Merenungkan Konstitusi India Dalam Dua Cara Berbeda

Merenungkan Konstitusi India Dalam Dua Cara Berbeda


OLEH NEHA HEGDE

Konstitusi India dapat dilihat dalam dua cara khusus. Konstitusi Konservatif dan Konstitusi Transformatif. Satu terdengar lebih banyak kritik dan yang lainnya menarik terhadap langkah-langkah Konstitusional. Mereka berdua masuk akal dengan caranya sendiri.

Konstitusi Konservatif:

Pada dasarnya, ini mengatakan bahwa tidak ada yang progresif terjadi dengan Konstitusi India. Kekuasaan yang ada di tangan Inggris baru saja ditransformasikan ke tangan orang India. Masih ada ketidakpedulian di India Baru meskipun konstitusi dibuat untuk mengatasinya. Ini berfokus pada bangsa daripada individualitas setiap warga negara. Gautam Bhatia dalam bukunya- ‘The Transformative Constitution’ menyebutkan bahwa hal ini dapat dipandang sebagai perluasan kekuasaan negara melalui penjajahan untuk berbagai faktor, seperti yang dilakukan Inggris. Buku tersebut juga menjelaskan tentang perbedaan pendapat antara Justice Shah dan Justice Bose. Keduanya menganggap dasar argumen mereka sebagai pemahaman sejarah dan teori konstitusional.

Justice Shah menemukan bahwa Konstitusi India baru saja mengalami perubahan bentuk dan diberi bentuk baru. Namun jauh di lubuk hati, penerapan dan eksekusi tindakan tetap sama. Perspektifnya terhadap konstitusi adalah konservatisme dan kontinuitas. Menurut Hakim Bose, teori-teori sejarah musnah dengan penciptaan konstitusi. Sebuah tatanan baru dibawa yang membuatnya transformatif, yang memiliki visi kemajuan.

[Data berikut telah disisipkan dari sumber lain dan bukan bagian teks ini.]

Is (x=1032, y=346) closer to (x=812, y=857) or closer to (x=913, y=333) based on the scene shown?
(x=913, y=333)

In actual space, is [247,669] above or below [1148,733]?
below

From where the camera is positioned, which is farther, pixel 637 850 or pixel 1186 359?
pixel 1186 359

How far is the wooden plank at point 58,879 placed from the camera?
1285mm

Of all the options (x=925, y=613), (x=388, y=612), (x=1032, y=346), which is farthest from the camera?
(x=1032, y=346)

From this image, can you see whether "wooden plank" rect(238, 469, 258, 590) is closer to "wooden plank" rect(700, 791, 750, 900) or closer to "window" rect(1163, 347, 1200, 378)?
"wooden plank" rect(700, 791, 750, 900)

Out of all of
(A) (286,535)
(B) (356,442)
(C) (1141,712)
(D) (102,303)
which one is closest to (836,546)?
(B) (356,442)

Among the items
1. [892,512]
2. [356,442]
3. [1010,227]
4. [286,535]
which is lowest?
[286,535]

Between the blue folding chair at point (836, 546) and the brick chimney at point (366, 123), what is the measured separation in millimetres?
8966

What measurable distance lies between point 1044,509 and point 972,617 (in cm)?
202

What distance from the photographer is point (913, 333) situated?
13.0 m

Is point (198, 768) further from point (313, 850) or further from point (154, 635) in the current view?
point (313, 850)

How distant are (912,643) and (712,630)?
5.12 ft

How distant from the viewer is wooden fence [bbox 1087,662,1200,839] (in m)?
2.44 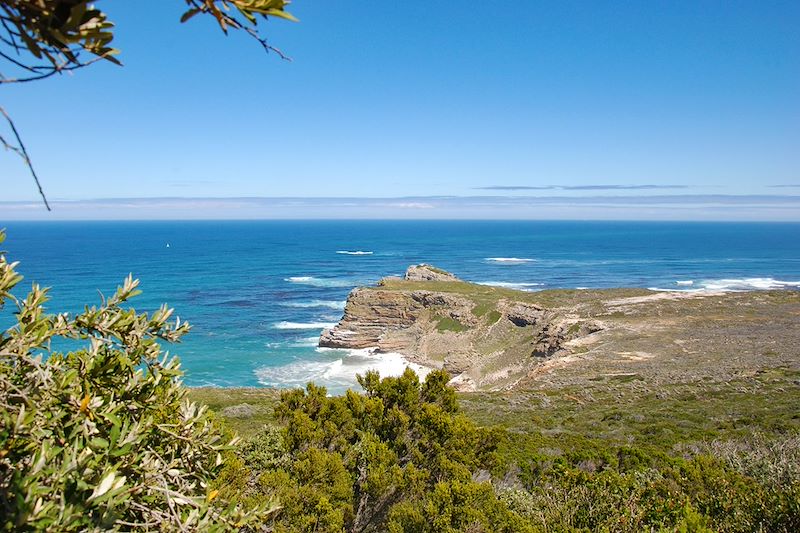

Sungguh ironis untuk mengatakan bahwa konstitusi bersifat transformatif karena Majelis Konstituante telah meminjam dari Undang-Undang Pemerintah India, 1935. 75% dari Konstitusi kita didasarkan pada hukum kolonial yang telah kita lalui selama invasi Inggris. Sebenarnya, itu adalah sistem demokrasi parlementer Westminster yang dicontoh oleh Inggris Raya. Orang India tidak merdeka di masa lalu, bahkan hari ini Kemerdekaan hanya ada di koran. Konstitusi dapat didefinisikan sebagai kerangka kerja yang dipoles dari badan pemerintahan.

75% dari Konstitusi India kami didasarkan pada hukum kolonial. Pixabay

Konstitusi Transformatif:

Ini membuktikan bahwa Konstitusi India telah berkembang menjadi badan yang radikal, dengan tujuan untuk perbaikan dan kesejahteraan. Istilah demokrasi telah diterapkan, kami memiliki Universal Dewasa Waralaba. Aspek-aspek seperti kesetaraan politik, sosial, dan ekonomi, kebebasan, keadilan membuat perbedaan besar di era ini jika dibandingkan dengan masa lalu. Ada hierarki sosial, diferensiasi dalam hal jenis kelamin, agama, keyakinan, dll. Fakta bahwa konstitusi itu sendiri dibentuk untuk menghilangkannya membuatnya transformatif. Visi konstitusi untuk transformasi bangsa, fakta ini kembali membuat konstitusi kita transformatif.

Baca Juga: Badan-Badan PBB Mendesak Masyarakat untuk Mengurangi Kehilangan Makanan

Masih memperjuangkan hubungan hukum antara individu dan negara. Kami bahkan tidak berada di Republik di masa lalu, sekarang kami di sini dan itu semua karena konstitusi. Misalnya- Sistem Sati bahkan tidak dianggap sebagai hal yang utama saat itu, sekarang kami memiliki hukum dan ketertiban, ruang sidang yang memutuskan untuk menghukum tindakan keji ini. Ada banyak contoh untuk membuktikan hal ini. Singkatnya, sudut pandang ini mengatakan bahwa Konstitusi kita mengarah pada egalitarianisme dan transformasi progresif.